I was slow to grasp the joy of gardening. I blame this on my mother, who appointed me the Chief Picker-Upper of Rotting Grapefruit when I was a child. Since we lived in central Florida--which is where Satan lives when he leaves the underworld, seeing that central Florida is about the same temperature as the inferno he's used to--and since we had three massive grapefruit trees in our backyard, there was no shortage of rotting grapefruit. And, for all the aforementioned reasons, they were always crawling with the sort of vermin for which Florida is famous. No, not THAT kind of vermin. I'm talking the multi-legged, antennaed and winged kind of vermin. It's a wonder I even EAT grapefruit today, but I digress.
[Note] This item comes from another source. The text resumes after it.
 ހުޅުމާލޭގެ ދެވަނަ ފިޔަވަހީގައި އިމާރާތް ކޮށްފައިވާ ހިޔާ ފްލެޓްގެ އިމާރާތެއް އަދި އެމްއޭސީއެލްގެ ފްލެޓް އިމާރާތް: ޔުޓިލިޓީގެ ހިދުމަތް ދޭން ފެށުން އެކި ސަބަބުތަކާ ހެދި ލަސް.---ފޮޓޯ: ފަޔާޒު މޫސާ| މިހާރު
So despite the fact that I come from a long line of French vineyard owners, Alabama sharecroppers, and Florida farmers, I did not embrace my horticultural heritage until recently. I think it happened when bell peppers went to a dollar a piece. That is as obscene as fat white thighs in hot pants, and I decided right then and there that it was time to channel my inner Old McDonald and find a hoe that fit my hand. Let me be clear: there is no chance that my efforts in the garden are ever going to make any significant contribution toward ending world hunger; for every plant that survives my tender loving care, two succumb. Possibly three. (My sons would say ten, but they certainly never wander out to help, so what do they know?) In any case, it could be this dubious success record that makes me so giddy when I finally bring a plant to fruition. All I know is, it is BEYOND COOL to eat something that looks absolutely beautiful, is right-off-the-vine fresh, tastes amazing, and started out as nothing but a little tiny white (or black, or brown) speck.
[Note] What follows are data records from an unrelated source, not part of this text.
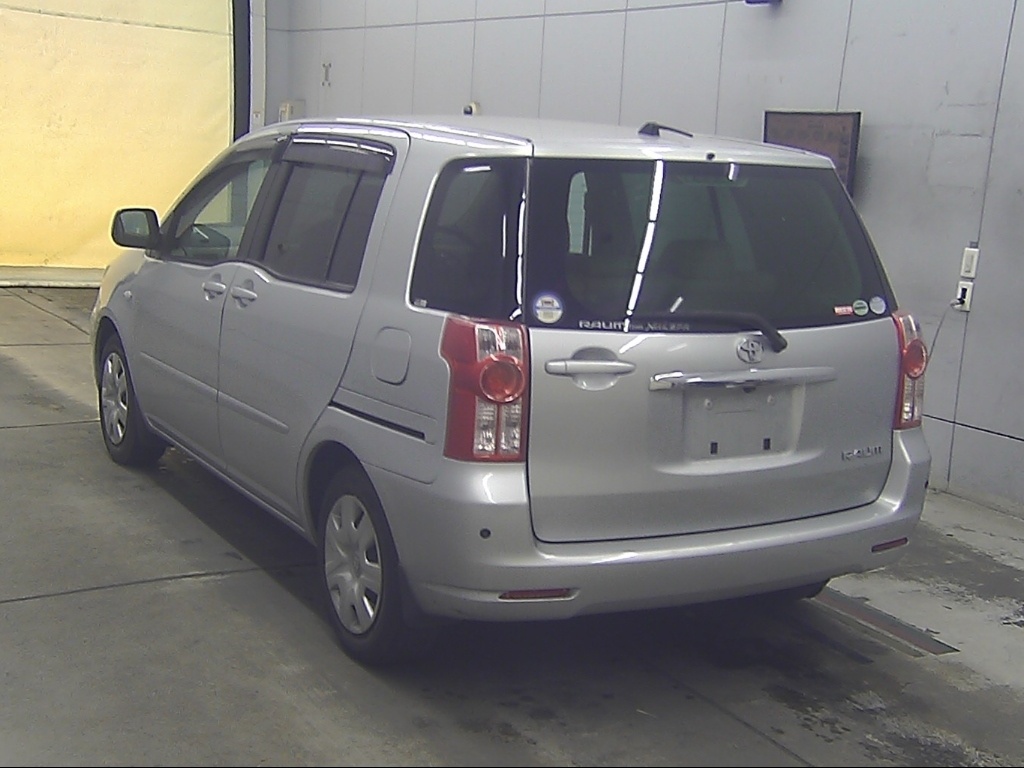 TOYOTA RAUM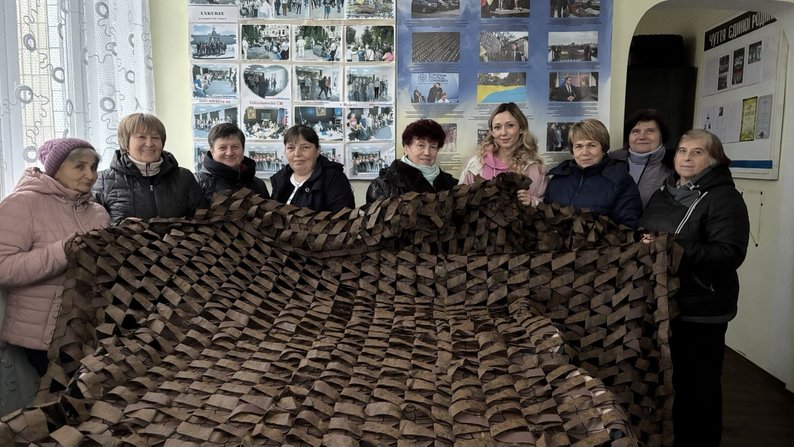 Сітка за сіткою: як жінки з Малинщини без упину допомагають фронту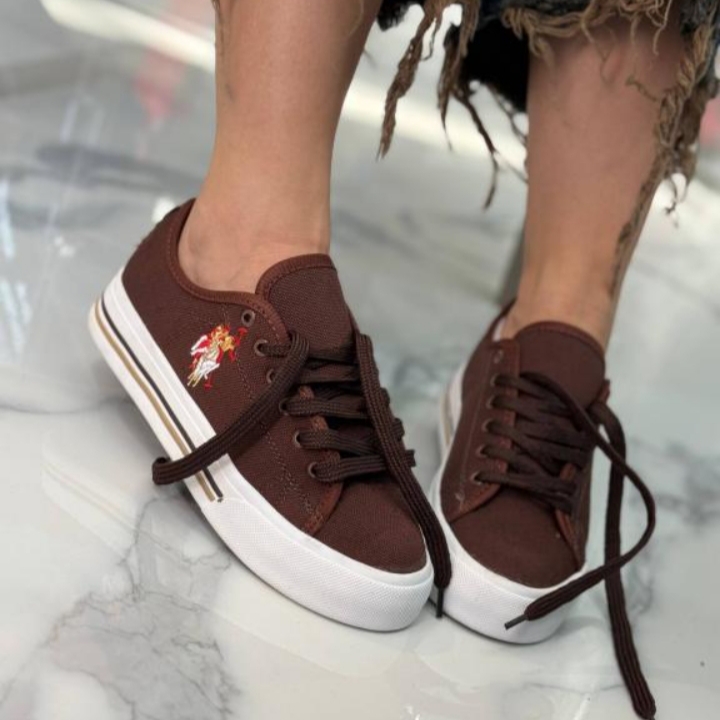 ونس polo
I head toward my garden, kitchen shears in hand, wicker basket swinging on my arm, feeling like Rebecca of Sunnybrook Farm--noble, virtuous, at one with the universe. Probing gently through the phalanx of green, my fingers search for pay dirt: slender bean pods, shiny eggplants, plump tomatoes, tender squash. It's enough to make one turn vegetarian and, indeed, at the peak of summer's abundance, I can happily make a meal solely from garden treats.
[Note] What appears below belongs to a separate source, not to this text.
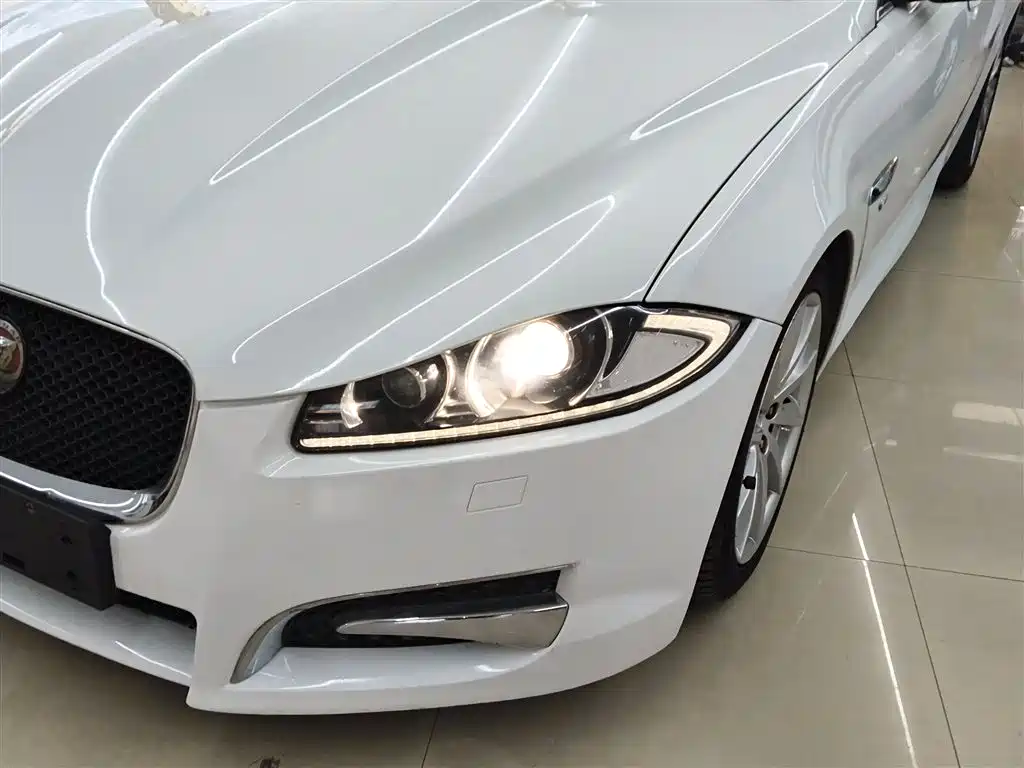 Jaguar XF 2014 — фото 18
The problem is that good gardening requires constant, vigilant, repeated attention--a trait for which I am most assuredly not known. I tend to get excited at the beginning and the end of projects, sort of losing interest in the middle. Thus my garden is rarely the orderly thing of beauty I wish it to be. I envision neatly coiffed vines and uniformly round shrubs sprouting from symmetrical rows of raised beds...whimsical art and beckoning benches scattered along well-groomed paths...a trellis awash in morning glories offering cool shade in a quiet corner. Ah, well. For that, I fear hired help may be necessary, and I don't see a Garden Boy in my budget anytime soon. So I shall have to be content with the occasional exciting harvest, plants that survive only through the grace of God and Mother Nature, rose-colored glasses that don't see weeds where watermelons should be, and the very precious gift of positive thinking. Surely the faucets of my gene pool will gush forth sooner or later; in the meantime, the memory of my green beans is delicious.